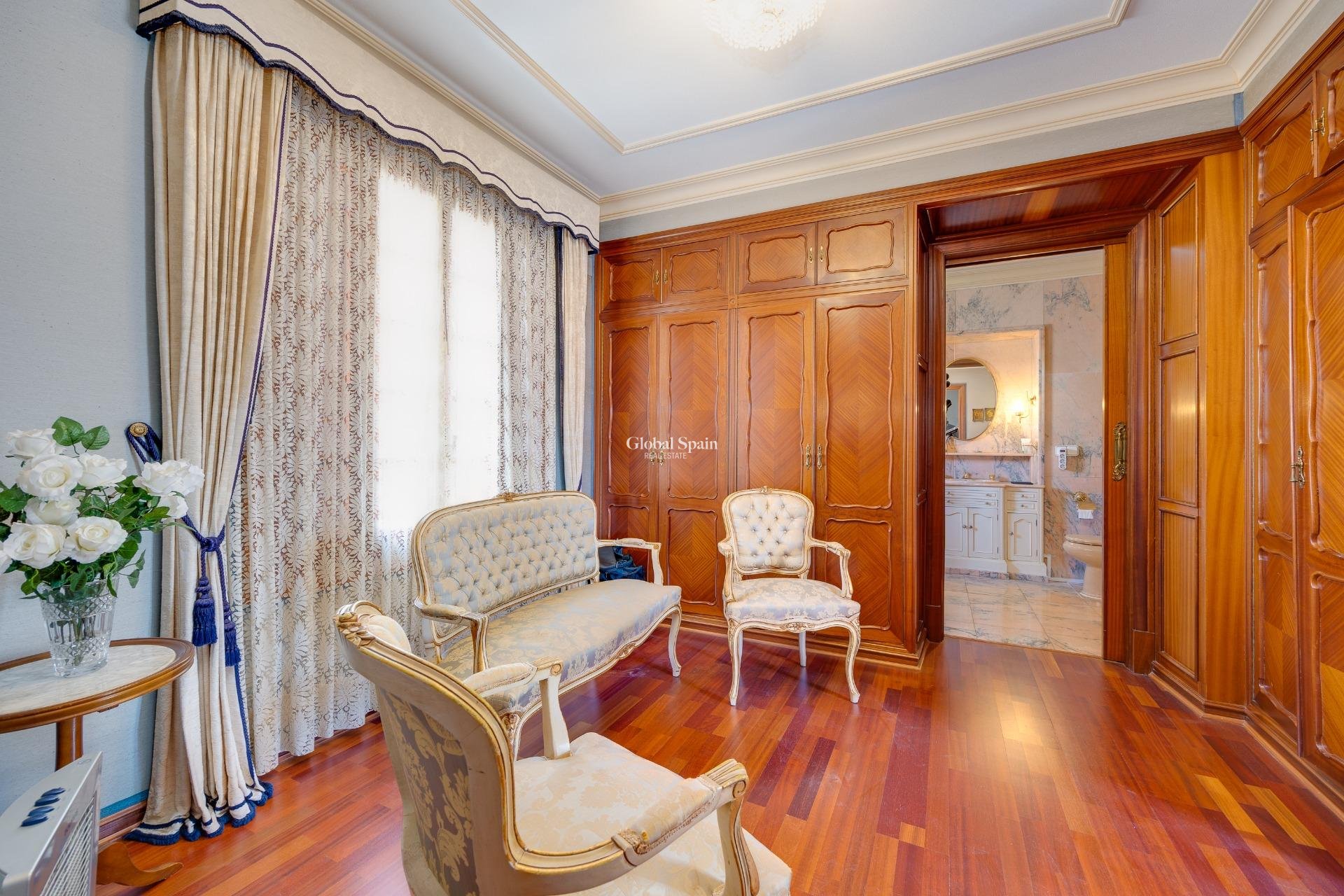 Resale - HOUSE -
CALLOSA DEL SEGURA - Comunidad Valenciana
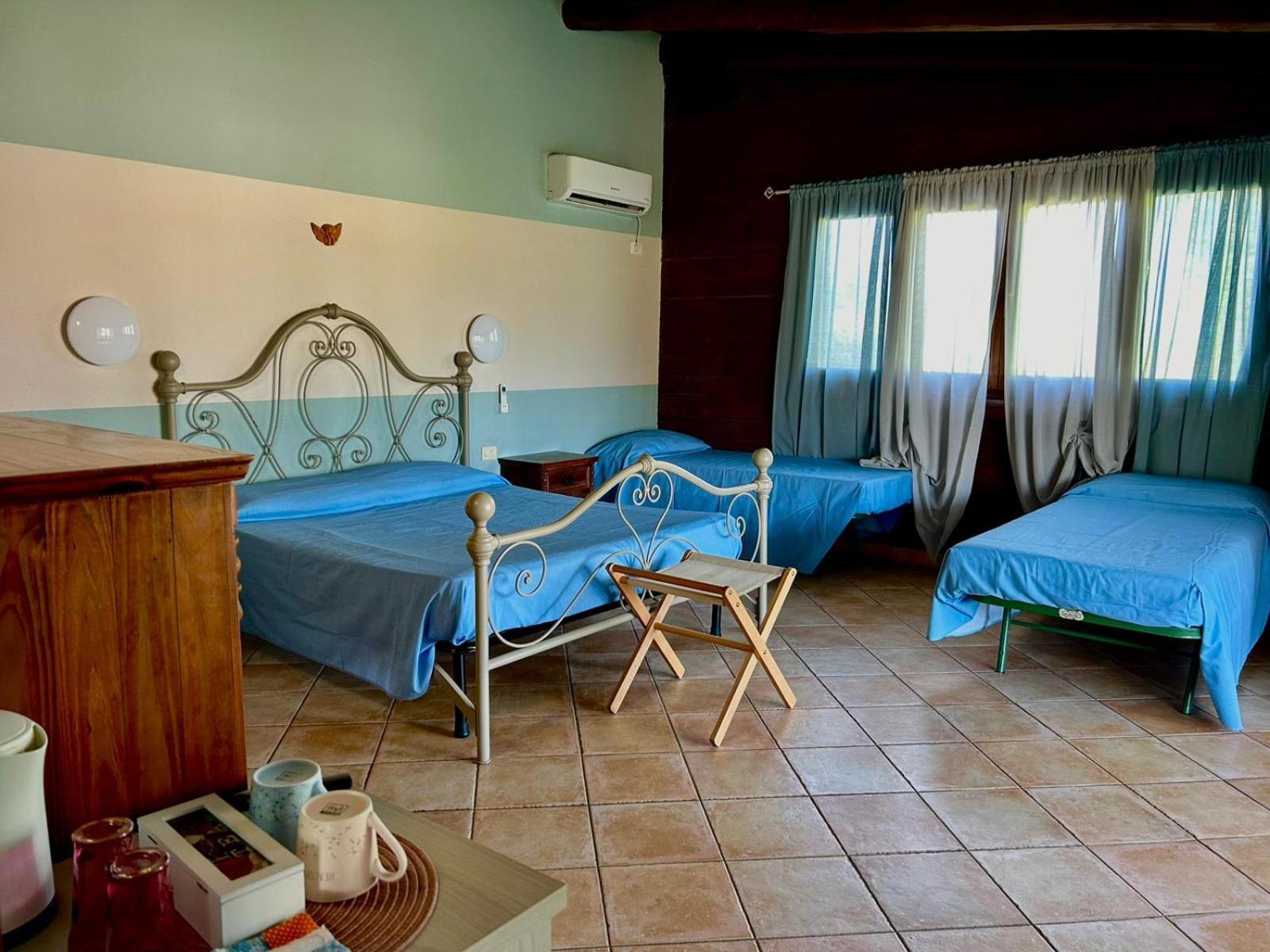 Agriturismo Podere Farnesiana ตาร์กวิเนีย ภายนอก รูปภาพ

Exercise prompt. All that is needed is an exact copy of the lines from the line with "CALLOSA DEL SEGURA - Comunidad Valenciana" through the end of the listing, both ends included, with no pictures.

Answer for the task.
CALLOSA DEL SEGURA - Comunidad Valenciana
 Agriturismo Podere Farnesiana ตาร์กวิเนีย ภายนอก รูปภาพ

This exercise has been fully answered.